Peluang Media Kristen
Memang untuk mewujudkan JP ini bukan pekerjaan yang mudah, bahkan cenderung rumit. Bagaimana tidak, sebab di sini berita-berita lempang (straight news) saja tidak cukup. Untuk menjelaskan dan menelusuri urat-urat konflik memerlukan waktu yang lebih lama dan ruang yang lebih banyak. Dalam jurnalistik bentuk tulisan seperti ini dinamakan jurnalisme interpretatif.
Padahal dalam tingkat persaingan antar media yang sengit sekarang ini, setiap media harus bisa "berteriak" mengatasi media-media lain. Caranya bermacam-macam. Bisa dengan penyajian yang lebih cepat, sudut pemberitaan (news angle) yang menarik, perwajahan yang ciamik dan judul-judul yang sensansional.

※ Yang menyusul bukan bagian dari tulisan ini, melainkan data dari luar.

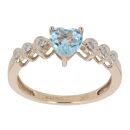 9ct Yellow Gold 0.06ct Diamond And Created Topaz Heart Ring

Bagi media Kristiani yang kebanyakan kristiani terbit bulanan, rentang waktu yang lama ini dapat menjadi peluan untuk menerapkan prinsip JP. Pengelola media kristiani punya kesempatan banyak untuk menyiapkan reportase yang analistis, holistik dan tajam.

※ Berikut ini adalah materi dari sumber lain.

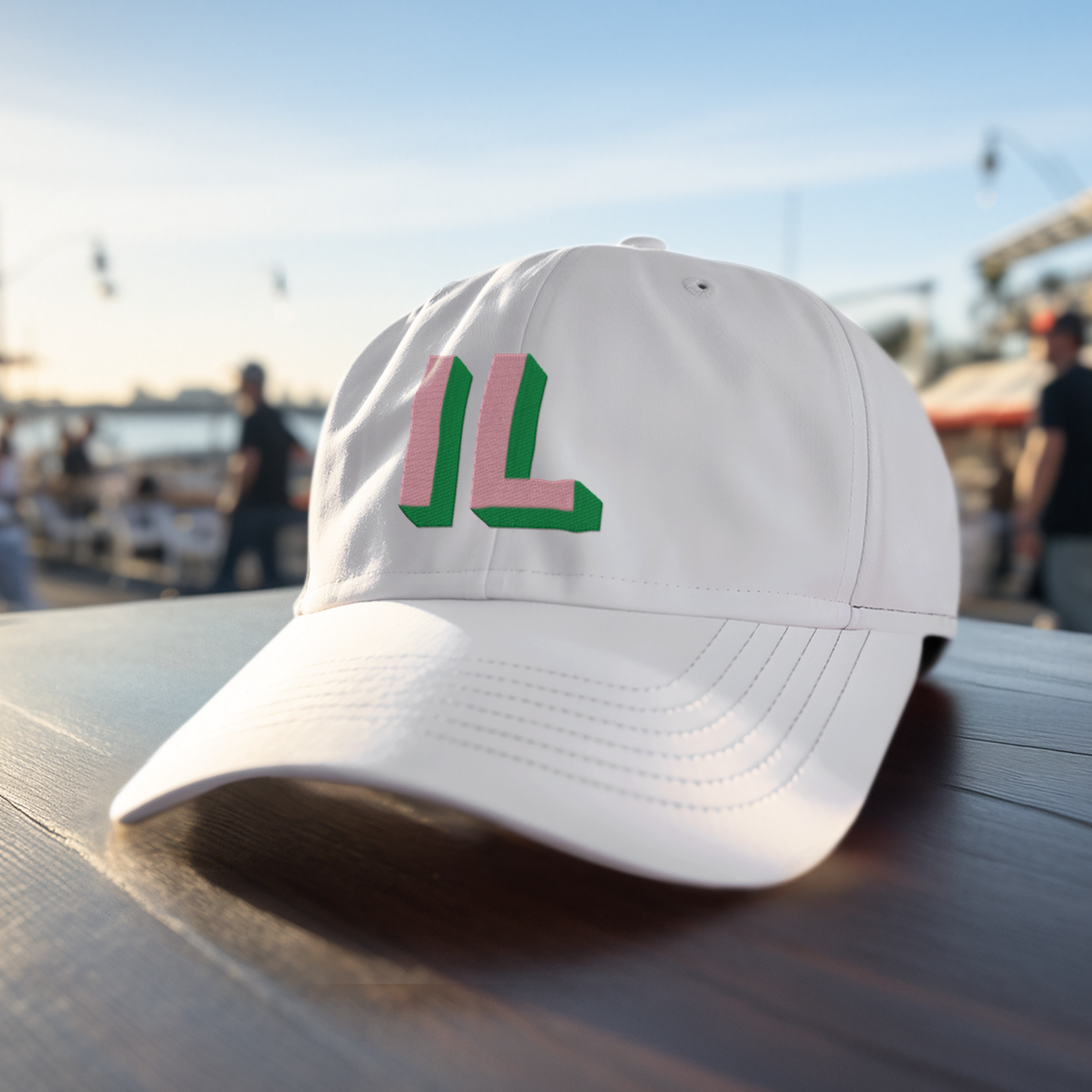 White Dad Hat - Pink & Green Shadow Block Lettering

Memang tulisan-tulisan seperti ini kalah laris dibandingkan dengan berita-beriuta sensansional yang terdapat dalam tabloid. Namun situasi konflik yang melibatkan sebagian umat Kristen, pendekatan JP masih (atau semakin) relevan dalam membawa suara-suara kenabian. Sikap ini yang diambil wartawan Kompas, Maria Hartiningsih:" Setiap jurnalis mempunyai ideologi, demikian juga saya. Ideologi saya adalah memberi sumbangan pada perdamaian dan keadilan ¦Yang mednorong saya untuk berbuat sesuatu dalam tugas jurnalistik saya, yaitu ketika saya melihat banyak orang tidak bersalah yang jadi korban. Terutama kaum perempuan dan anak-anak itu telah memberi semangat saya untuk memberi sumbangan pada proses rekonsiliasi di negeri ini." Berbahagialah jurnalis yang membawa damai.